Déjà approuvée en avril à une large majorité, la proposition devait être officiellement entérinée vendredi, dans le cadre du sommet de l’Organisation maritime internationale (OMI), une agence de l’ONU de 176 membres, qui débute mardi à Londres.
Le texte permettrait au secteur, extrêmement polluant, d’opérer un virage climatique historique en contraignant les navires à réduire progressivement leurs émissions de carbone dès 2028, jusqu’à décarbonation totale vers 2050.
Mais en se positionnant vendredi « catégoriquement » contre la proposition, jugeant ses répercussions économiques potentiellement « désastreuses », les Etats-Unis de Donald Trump pourraient tout faire dérailler.
Washington « ne tolérera aucune mesure susceptible d’augmenter les coûts pour nos citoyens, nos fournisseurs d’énergie, nos compagnies maritimes et leurs clients, ou encore nos touristes », écrivent le secrétaire d’Etat américain Marco Rubio et ses homologues à l’Energie et aux Transports dans un communiqué.
Ils vont jusqu’à menacer les pays qui voteraient en faveur du projet, avec des restrictions de visas pour les membres de leurs équipages, « des pénalités commerciales » ou « des frais portuaires supplémentaires ».
– « Influence américaine » –
En avril dernier, 63 pays avaient voté pour cette proposition (baptisée cadre « zéro émission net » ou NZF), dont ceux de l’Union européenne, le Brésil, la Chine, l’Inde et le Japon, et 16 s’étaient prononcés contre, notamment des grands producteurs d’hydrocarbures tels l’Arabie Saoudite, la Russie et les Emirats arabes unis.
Elle avait été jugée très insuffisante par les Etats insulaires du Pacifique, qui s’étaient abstenus.
Les Etats-Unis n’avaient pour leur part participé ni aux discussions, ni au vote.
L’UE a maintenu lundi son entier soutien à la proposition, tout comme les Britanniques, interrogés par l’AFP.
Les menaces américaines pourraient affecter d' »autres pays malheureusement plus sensibles à l’influence américaine et qui seraient touchés par ces rétorsions », reconnaît une source européenne auprès de l’AFP.
« Nous sommes toujours optimistes sur le résultat mais ce sera sans doute plus serré que précédemment, avec un risque plus élevé d’abstention », ajoute-t-elle. Le consensus, d’habitude la norme dans cette assemblée, est d’ores et déjà écarté.

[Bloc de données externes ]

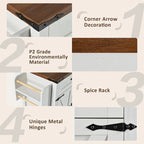 53.5 Farmhouse Kitchen Island with Power Outlet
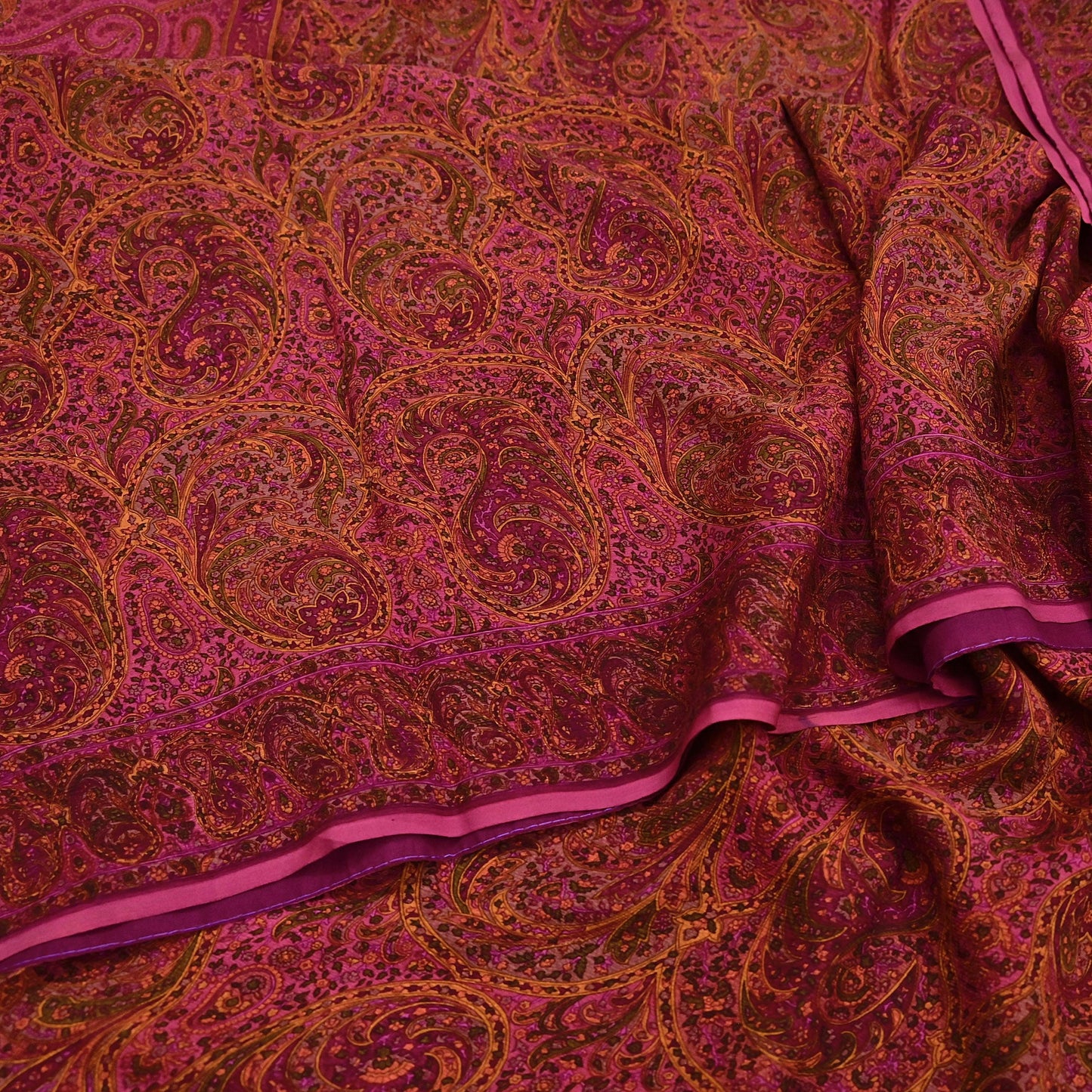 Indian Vintage Purple Pure Chiffon Silk Saree Printed Floral Design 5 Yards Sheer Soft Fabric for Sewing, Dressmaking,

Les Philippines, qui fournissent le premier contingent mondial de travailleurs liés au secteur maritime et favorables au NZF en avril, souffriraient par exemple particulièrement des restrictions au niveau des visas.
Les îles des Caraïbes, dépendantes économiquement des croisières américaines, pourraient aussi être affectées par des sanctions.
– « Arnaque » –
Interrogé par l’AFP, le secrétaire général de l’OMI, Arsenio Dominguez, n’a pas souhaité réagir directement à la déclaration américaine, maintenant qu’il était « très confiant » quant au vote final.
Le NZF vise à faire payer aux bateaux une sorte de taxe sur leurs émissions au-delà d’un certain seuil, en vue d’alimenter un fonds qui récompensera les navires à faibles émissions et soutiendra les pays vulnérables au changement climatique.
Si un tel système mondial de tarification des émissions était adopté, il deviendrait difficile d’y échapper, même pour les Etats-Unis, car les conventions de l’OMI permettent à leurs signataires d’inspecter les navires étrangers en escale et même de retenir les bateaux qui ne sont pas en règle.
Depuis son retour au pouvoir en janvier, Donald Trump, très attaché aux énergies fossiles, a enclenché une marche arrière toute en matière de climat.
Il a récemment rejeté les conclusions scientifiques sur le sujet et qualifié le « changement climatique » de « plus grande arnaque » de l’Histoire.